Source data
# # #

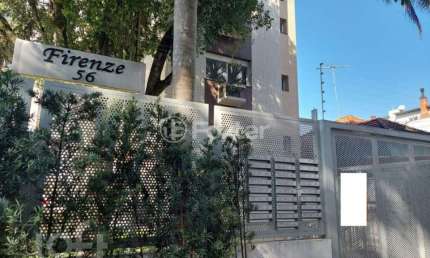 Apartamento com 2 quartos à venda na Rua São Simão, 56, Bom Jesus, Porto Alegre, 84 m2 por R$ 570.000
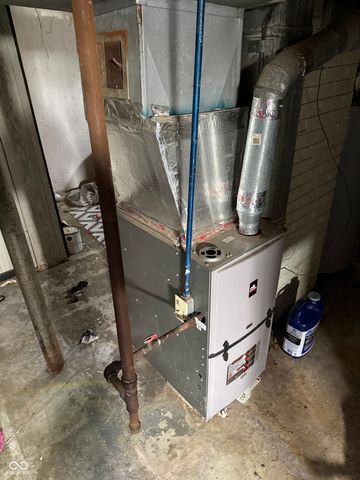 2005 Sharon Avenue, Indianapolis, IN 46222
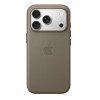 Apple iPhone 18 Pro TechWoven Case with MagSafe - Taupe (MKD44) (EU)
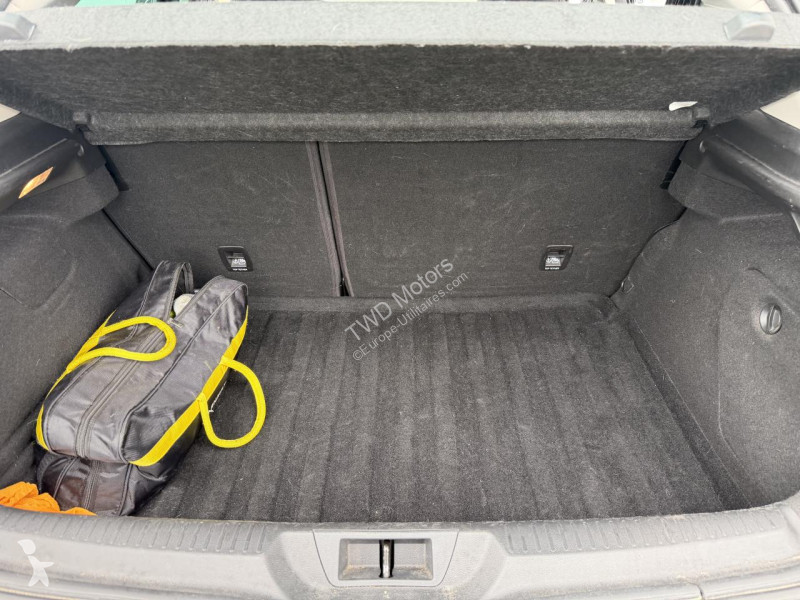 Bedrijfswagen Renault MEGANE Mégane 1.5 Blue...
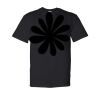 Unisex DryBlend® Pocket T-Shirt Thumbnail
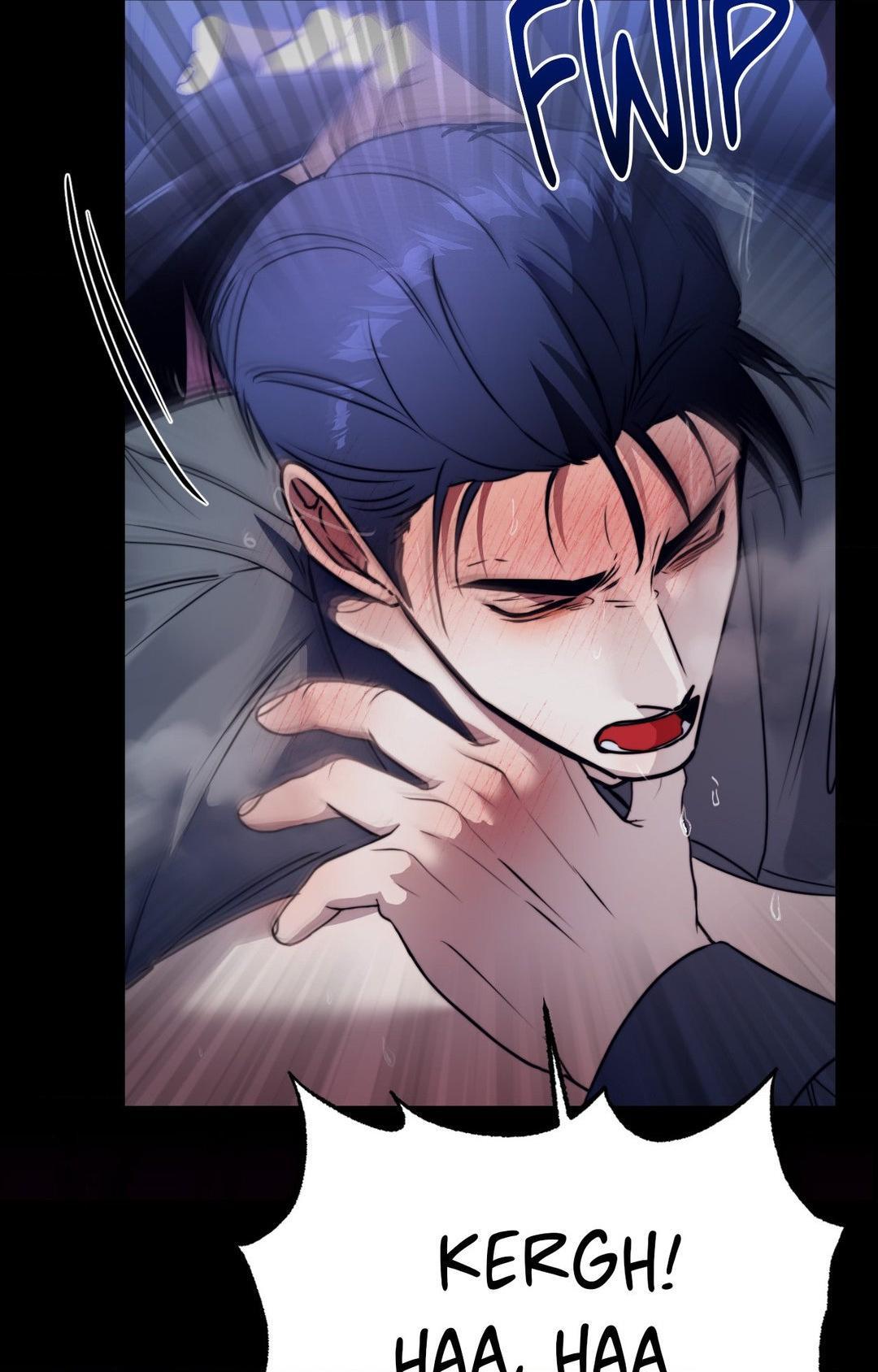A Crown of Thorns Chapter 10 - Page 81 in English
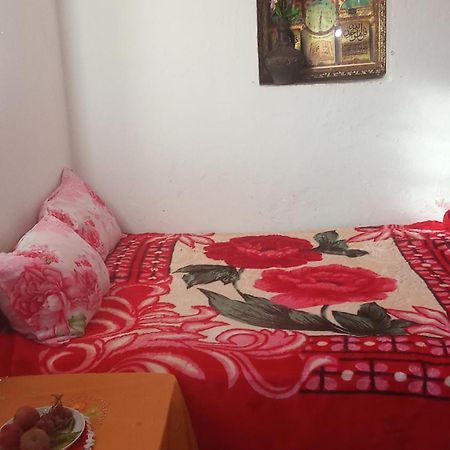 Khaima Oulad Abbou Exterior foto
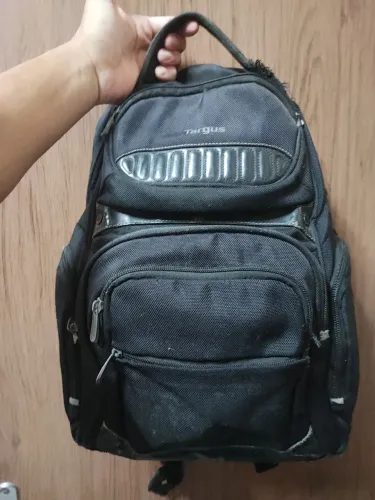Mochila Grande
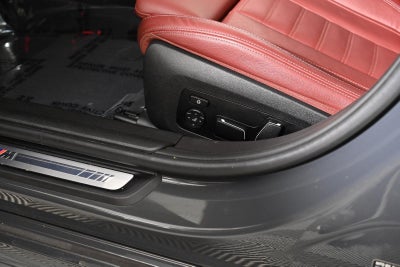 2024 BMW 3 Series M340i xDrive
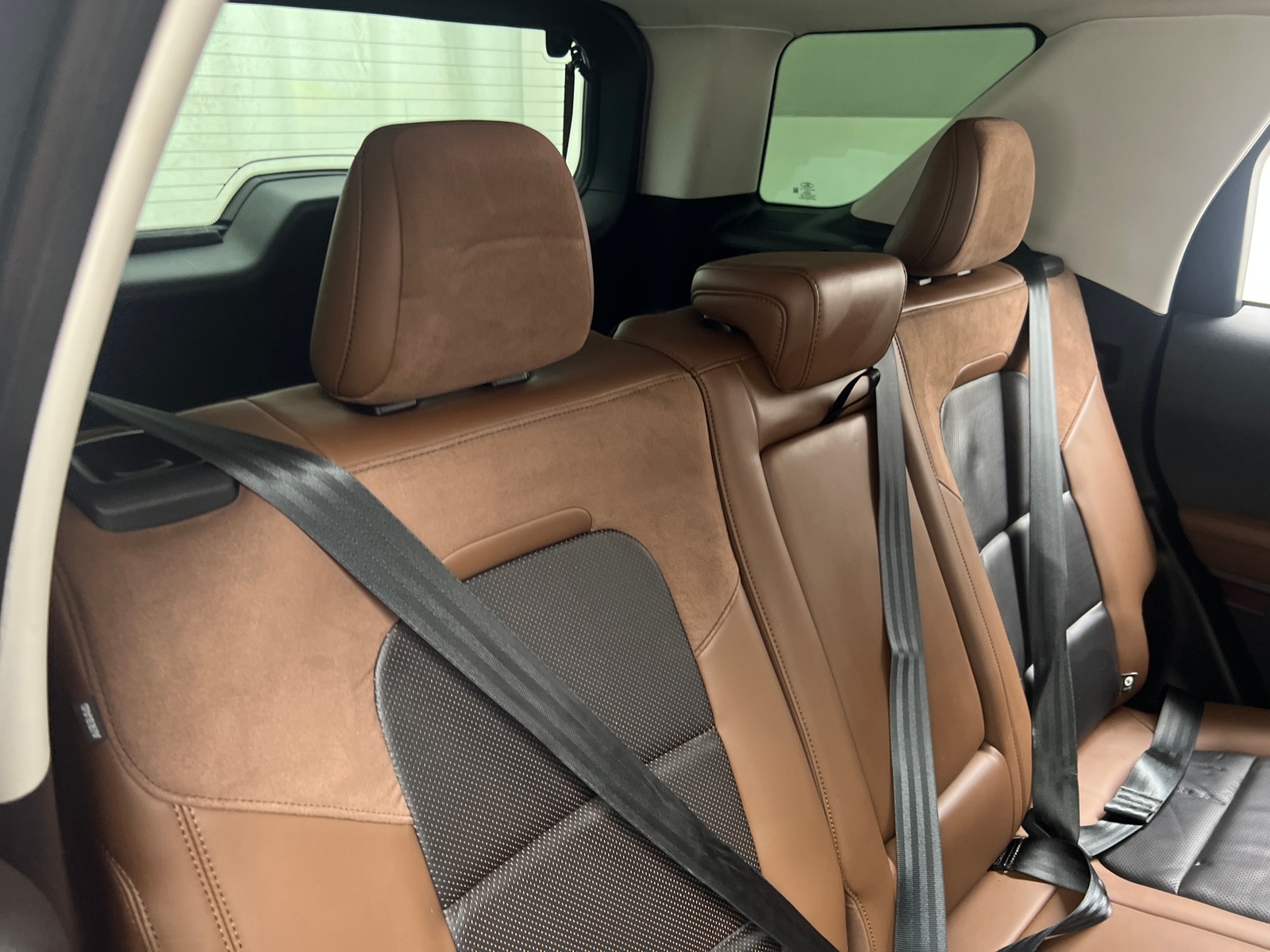 Thumbnail: 2022 Ford Bronco Sport - 6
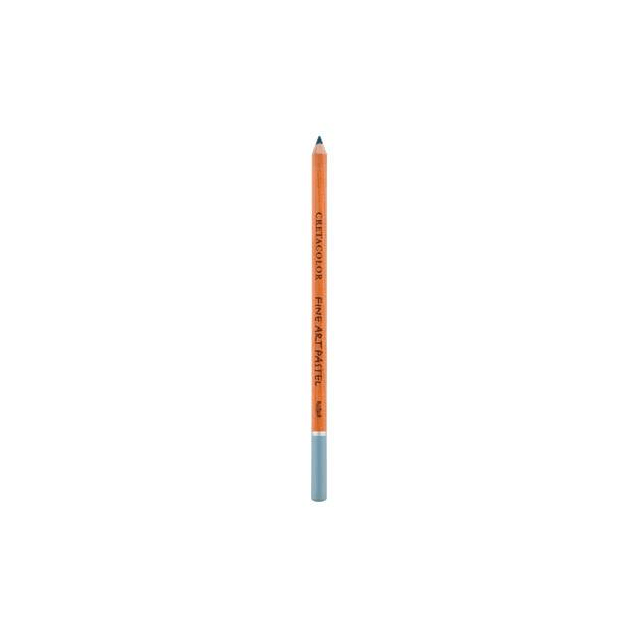 Cretacolor Pastel Pencil 237 Blue Grey - theartshop.com.au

# # #

What is needed: Find the line that contains "A Crown of Thorns" and repeat it, along with every line after it to the end of the data, exactly; drop the pictures.

Exercise output:
A Crown of Thorns Chapter 10 - Page 81 in English
 Khaima Oulad Abbou Exterior foto
Mochila Grande
 2024 BMW 3 Series M340i xDrive
 Thumbnail: 2022 Ford Bronco Sport - 6
 Cretacolor Pastel Pencil 237 Blue Grey - theartshop.com.au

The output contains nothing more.